§ **TASK**
Return every entry below without altering a word.

*** Opening EXERCISE DATA ***

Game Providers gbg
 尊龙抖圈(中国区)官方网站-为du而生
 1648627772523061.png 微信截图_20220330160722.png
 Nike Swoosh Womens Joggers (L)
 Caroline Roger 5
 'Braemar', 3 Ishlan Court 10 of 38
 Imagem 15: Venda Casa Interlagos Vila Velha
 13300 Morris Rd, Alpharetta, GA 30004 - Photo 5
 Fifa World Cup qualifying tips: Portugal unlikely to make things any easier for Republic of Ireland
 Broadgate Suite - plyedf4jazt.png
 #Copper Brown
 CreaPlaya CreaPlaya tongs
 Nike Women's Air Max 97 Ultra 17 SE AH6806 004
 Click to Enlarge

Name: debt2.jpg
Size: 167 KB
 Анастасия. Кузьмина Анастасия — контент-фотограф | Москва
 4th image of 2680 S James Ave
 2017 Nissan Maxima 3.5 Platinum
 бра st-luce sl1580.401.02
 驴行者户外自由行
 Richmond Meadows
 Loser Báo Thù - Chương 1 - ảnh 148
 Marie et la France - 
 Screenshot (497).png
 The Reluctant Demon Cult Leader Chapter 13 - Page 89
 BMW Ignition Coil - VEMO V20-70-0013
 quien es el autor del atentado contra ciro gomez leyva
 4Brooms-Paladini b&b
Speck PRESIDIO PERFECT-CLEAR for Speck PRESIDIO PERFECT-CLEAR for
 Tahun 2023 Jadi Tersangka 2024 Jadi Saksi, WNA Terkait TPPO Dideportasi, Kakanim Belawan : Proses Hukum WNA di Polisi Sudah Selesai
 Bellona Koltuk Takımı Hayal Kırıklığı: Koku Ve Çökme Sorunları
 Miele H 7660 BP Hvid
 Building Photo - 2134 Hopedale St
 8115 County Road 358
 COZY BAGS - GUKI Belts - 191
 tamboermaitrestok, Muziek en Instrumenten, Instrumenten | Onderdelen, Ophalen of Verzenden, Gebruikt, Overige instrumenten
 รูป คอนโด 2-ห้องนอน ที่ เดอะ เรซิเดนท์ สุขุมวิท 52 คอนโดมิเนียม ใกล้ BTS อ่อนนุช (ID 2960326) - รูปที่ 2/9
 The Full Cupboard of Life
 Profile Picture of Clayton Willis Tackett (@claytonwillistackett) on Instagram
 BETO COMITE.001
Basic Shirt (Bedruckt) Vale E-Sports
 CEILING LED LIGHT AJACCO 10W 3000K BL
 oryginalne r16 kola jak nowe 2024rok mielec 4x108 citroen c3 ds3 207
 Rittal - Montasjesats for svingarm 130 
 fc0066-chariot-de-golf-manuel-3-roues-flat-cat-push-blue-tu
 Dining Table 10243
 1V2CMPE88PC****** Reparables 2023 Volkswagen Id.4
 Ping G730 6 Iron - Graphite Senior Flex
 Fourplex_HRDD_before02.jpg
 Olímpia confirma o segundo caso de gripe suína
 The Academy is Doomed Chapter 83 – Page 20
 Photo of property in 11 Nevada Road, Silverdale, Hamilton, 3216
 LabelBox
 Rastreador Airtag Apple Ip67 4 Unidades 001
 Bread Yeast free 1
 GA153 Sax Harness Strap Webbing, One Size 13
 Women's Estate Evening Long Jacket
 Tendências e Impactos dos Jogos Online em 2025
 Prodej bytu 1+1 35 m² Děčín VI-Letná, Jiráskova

*** Closing EXERCISE DATA ***

§ **WRITTEN SOLUTION**
Game Providers gbg
 尊龙抖圈(中国区)官方网站-为du而生
 1648627772523061.png 微信截图_20220330160722.png
 Nike Swoosh Womens Joggers (L)
 Caroline Roger 5
 'Braemar', 3 Ishlan Court 10 of 38
 Imagem 15: Venda Casa Interlagos Vila Velha
 13300 Morris Rd, Alpharetta, GA 30004 - Photo 5
 Fifa World Cup qualifying tips: Portugal unlikely to make things any easier for Republic of Ireland
 Broadgate Suite - plyedf4jazt.png
 #Copper Brown
 CreaPlaya CreaPlaya tongs
 Nike Women's Air Max 97 Ultra 17 SE AH6806 004
 Click to Enlarge

Name: debt2.jpg
Size: 167 KB
 Анастасия. Кузьмина Анастасия — контент-фотограф | Москва
 4th image of 2680 S James Ave
 2017 Nissan Maxima 3.5 Platinum
 бра st-luce sl1580.401.02
 驴行者户外自由行
 Richmond Meadows
 Loser Báo Thù - Chương 1 - ảnh 148
 Marie et la France - 
 Screenshot (497).png
 The Reluctant Demon Cult Leader Chapter 13 - Page 89
 BMW Ignition Coil - VEMO V20-70-0013
 quien es el autor del atentado contra ciro gomez leyva
 4Brooms-Paladini b&b
Speck PRESIDIO PERFECT-CLEAR for Speck PRESIDIO PERFECT-CLEAR for
 Tahun 2023 Jadi Tersangka 2024 Jadi Saksi, WNA Terkait TPPO Dideportasi, Kakanim Belawan : Proses Hukum WNA di Polisi Sudah Selesai
 Bellona Koltuk Takımı Hayal Kırıklığı: Koku Ve Çökme Sorunları
 Miele H 7660 BP Hvid
 Building Photo - 2134 Hopedale St
 8115 County Road 358
 COZY BAGS - GUKI Belts - 191
 tamboermaitrestok, Muziek en Instrumenten, Instrumenten | Onderdelen, Ophalen of Verzenden, Gebruikt, Overige instrumenten
 รูป คอนโด 2-ห้องนอน ที่ เดอะ เรซิเดนท์ สุขุมวิท 52 คอนโดมิเนียม ใกล้ BTS อ่อนนุช (ID 2960326) - รูปที่ 2/9
 The Full Cupboard of Life
 Profile Picture of Clayton Willis Tackett (@claytonwillistackett) on Instagram
 BETO COMITE.001
Basic Shirt (Bedruckt) Vale E-Sports
 CEILING LED LIGHT AJACCO 10W 3000K BL
 oryginalne r16 kola jak nowe 2024rok mielec 4x108 citroen c3 ds3 207
 Rittal - Montasjesats for svingarm 130 
 fc0066-chariot-de-golf-manuel-3-roues-flat-cat-push-blue-tu
 Dining Table 10243
 1V2CMPE88PC****** Reparables 2023 Volkswagen Id.4
 Ping G730 6 Iron - Graphite Senior Flex
 Fourplex_HRDD_before02.jpg
 Olímpia confirma o segundo caso de gripe suína
 The Academy is Doomed Chapter 83 – Page 20
 Photo of property in 11 Nevada Road, Silverdale, Hamilton, 3216
 LabelBox
 Rastreador Airtag Apple Ip67 4 Unidades 001
 Bread Yeast free 1
 GA153 Sax Harness Strap Webbing, One Size 13
 Women's Estate Evening Long Jacket
 Tendências e Impactos dos Jogos Online em 2025
 Prodej bytu 1+1 35 m² Děčín VI-Letná, Jiráskova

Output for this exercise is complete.